Pat Neely (born July 20, 1964) is an American restaurateur, television personality, and author. He is the co-owner of Neely's Bar-B-Que restaurant in downtown Memphis, Tennessee. He and former wife Gina hosted two Food Network television programs, Down Home with the Neelys and Road Tasted with the Neelys. The pair also co-wrote a cook book. Down Home became the highest rated debut for a Food Network show within the "In the Kitchen" series, which appear on weekend mornings.

Personal life
Neely was born in Detroit, Michigan, according to the Neely's episode of Chefography. He and Gina (née Ervin) dated in high school in the 1980s.
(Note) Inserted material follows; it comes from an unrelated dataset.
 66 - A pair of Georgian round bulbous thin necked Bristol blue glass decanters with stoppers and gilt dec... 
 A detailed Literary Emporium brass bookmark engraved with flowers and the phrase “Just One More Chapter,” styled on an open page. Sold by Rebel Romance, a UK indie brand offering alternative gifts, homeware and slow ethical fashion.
While Pat was married to another woman, Pat and Gina reunited at their 10th reunion. Pat married Gina in 1994. They have two daughters: Spenser and Shelbi. Pat and Gina Neely each had been married once before. 

In September 2014, Gina Neely filed for divorce, citing irreconcilable differences.

Restaurant
In 1988, Neely and three of his brothers (Gaelin, Tony, and Mark) opened a barbecue restaurant in downtown Memphis, aided by their uncle, Jim Neely, a well-known Memphis restaurateur and owner of Jim Neely's Interstate Bar-B-Que. Jim' Neely's sister, Beverly Neely, is owner of Jay-Bee's Bar-B-Que in Gardena, California, and her son, Curtis Williams, is the general manager. The brothers went on to establish their own reputations separate from their uncle's.
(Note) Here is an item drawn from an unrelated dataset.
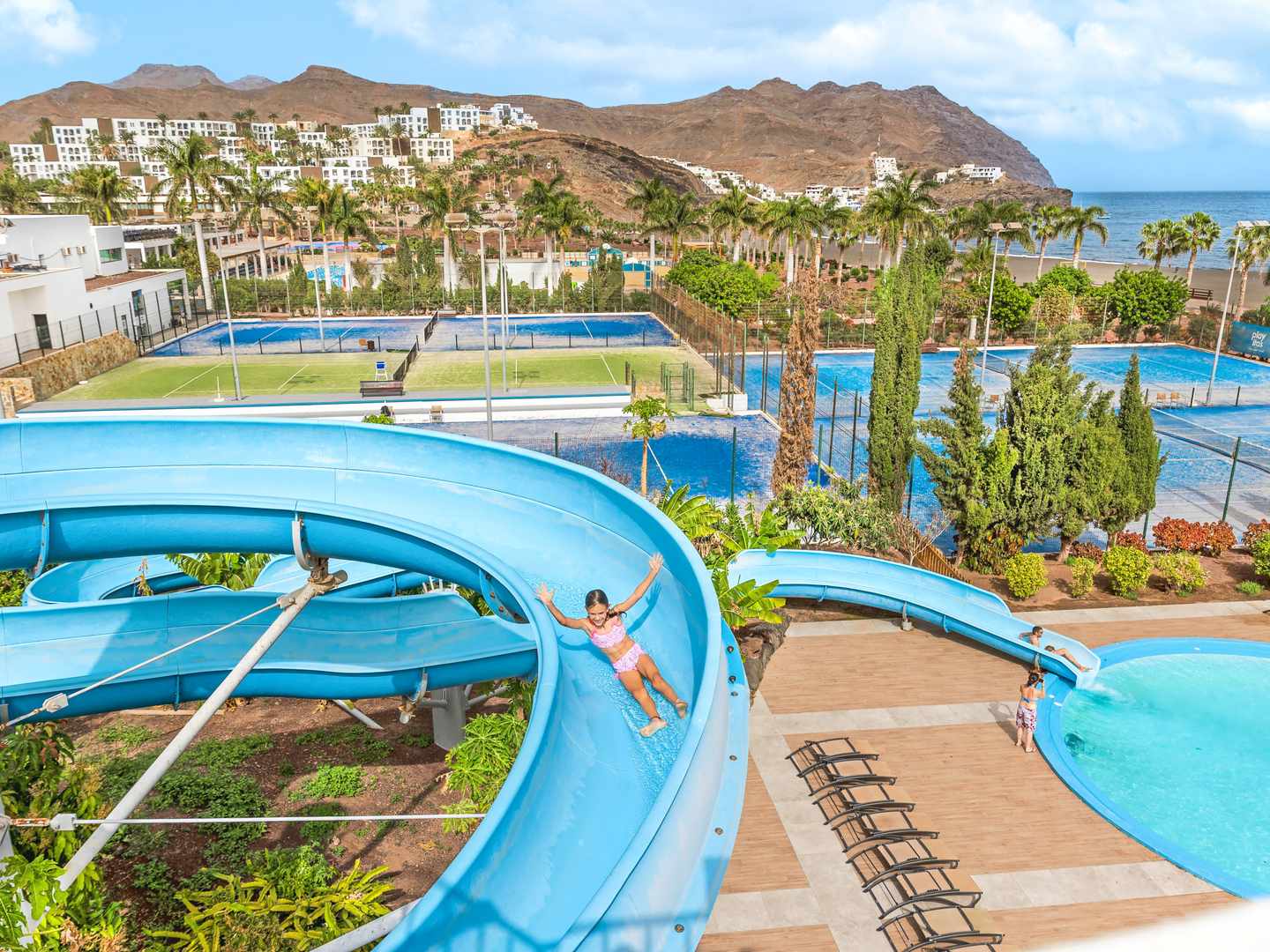 blte6a583a3e8ba97c6-spanien-kanaren-fuerteventura-playitas-aparthotel-h-DER1516558.jpg Kind rutscht auf blauer Wasserrutsche im Playitas Aparthotel mit Blick auf Tennisplätze und das Meer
The enterprise grew to four Neely’s Bar-B-Que locations: two in Memphis and two in Nashville. On July 9, 2008, the location in Memphis' Mt. Moriah neighborhood caught fire.

Pat and Gina Neely, and partner Abraham Merchant, opened a New York City restaurant, initially called Neely’s Pig Parlor. The restaurant eventually opened in 2011 as Neely's Barbecue Parlor.
  
In August 2008, they acquired a  space in mid-town Memphis slated to be a corporate headquarters.

In 2008, their cousin (Jim Neely's son) opened Ken Neely's Hickory Bar-B-Que in Memphis.

The two Memphis locations of Neely's Bar-B-Que closed in 2013.

Television shows
Neely and wife Gina host two shows on Food Network, Down Home with the Neelys and Road Tasted with the Neelys. Down Home began airing in February 2008. Food Network personality Paula Deen helped the pair get their first show. During the summer of 2006 her sons, Bobby and Jamie Deen, featured the Neely's Bar-B-Que Nashville location on their show Road Tasted. In September 2006, Paula ate at the Neely's downtown Memphis restaurant and was impressed. In January 2007, the Neelys were invited to appear on Paula's Party.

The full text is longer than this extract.